El Greco was born on the island of Crete, where he learned the rudiments of art before leaving to study in Italy and finally settling in the Spanish city of Toledo in the late 1570s. In Rome he saw a famous classical sculpture of the death of Laocoon and his sons, which had only been dug up in 1506, and which clearly stuck in his memory. In El Greco’s painting, which resembles a vision or hallucination, the tightly knit figures of the classical sculpture have been pulled apart. The energies of the snakes that torment Laocoon and his sons have been transferred to their own pallid, writhing bodies. The standing figure on the right, with his strikingly elongated and sinuous legs, shimmering against the dark background, might almost be metamorphosing into a serpent. The snakes’ victims are too wrapped up in their death agonies to exhibit any emotions other than pain and dread.
The figures observing the scene from the right have been variously identified as Paris and Helen, Adam and Eve, Apollo and Artemis. They are ambiguously painted and if there are indeed only two figures, as many historians have assumed, it seems strange that they should have what appear to be five legs between them.
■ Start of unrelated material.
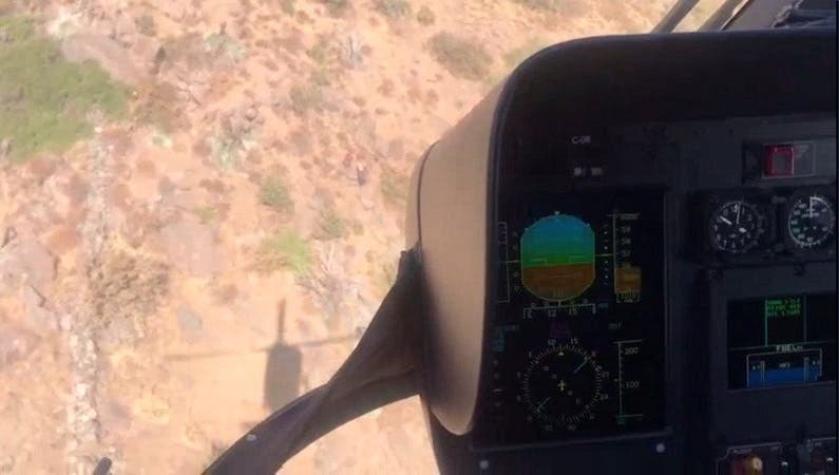 [VIDEO] Dos personas son rescatadas en helicóptero de Carabineros del Cerro Minillas en La Florida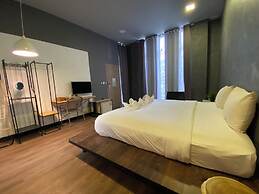 Sherloft Home & Hostel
It is possible that El Greco never quite finished this part of the painting (which was still in his studio at his death) and remained undecided whether these figures should number two or three. Whoever they are, their function is presumably to alert the viewer that the scene of Laocoon’s death is to be viewed not merely as a scene from a story, but as matter for solemn contemplation.
El Greco has transposed the setting of the story from the plains of Troy to a hillside overlooking his adopted home town of Toledo. It was common practice to project biblical or mythological scenes into the present day but in this case there is probably an allegorical edge to the device. The erudite co-author of the National Gallery’s catalogue, David Davies, argues that El Greco may have intended his audience to see in the figure of Laocoon a mythological archetype of the Christian priest whose warnings go fatally unheeded. The painter may even have had a specific contemporary priest in mind, namely the cleric Bartolome Carranza, who had been consecrated Archbishop of Toledo in 1558, and had preached vigorously against the sins of heresy – which he even invoked, in one of his sermons, by using the distinctly Trojan simile of “a breach in the walls”. But Carranza was regarded with suspicion by some of his fellow Dominicans and was subsequently accused of heresy himself by the Inquisition, who imprisoned him for seventeen years. He died soon after his release, and his supporters – who included some of El Greco’s most prominent patrons and associates came to regard him as a maligned religious hero.
Carranza placed great emphasis on spirituality and believed passionately in the value of inner mental prayer, and ideas such as his seem to have played an important part in the shaping of El Greco’s extraordinary style of painting, marked as it is by forms and figures so attenuated and flame-like they seem like emanations of pure spirit. The artist was extremely devout, particularly in his later years, so perhaps he did intend this picture to symbolize the fate that had befallen one of his mentors. The picture also has the character of a warning, direly prophecying the fate that will befall Toledo unless its citizens listen to the words of spiritual truth. The beady-eyed snakes hiss and bite, calling to mind the serpent in the garden of Eden. Dramatic storm clouds swirl in the sky over the city, like a portent of apocalypse.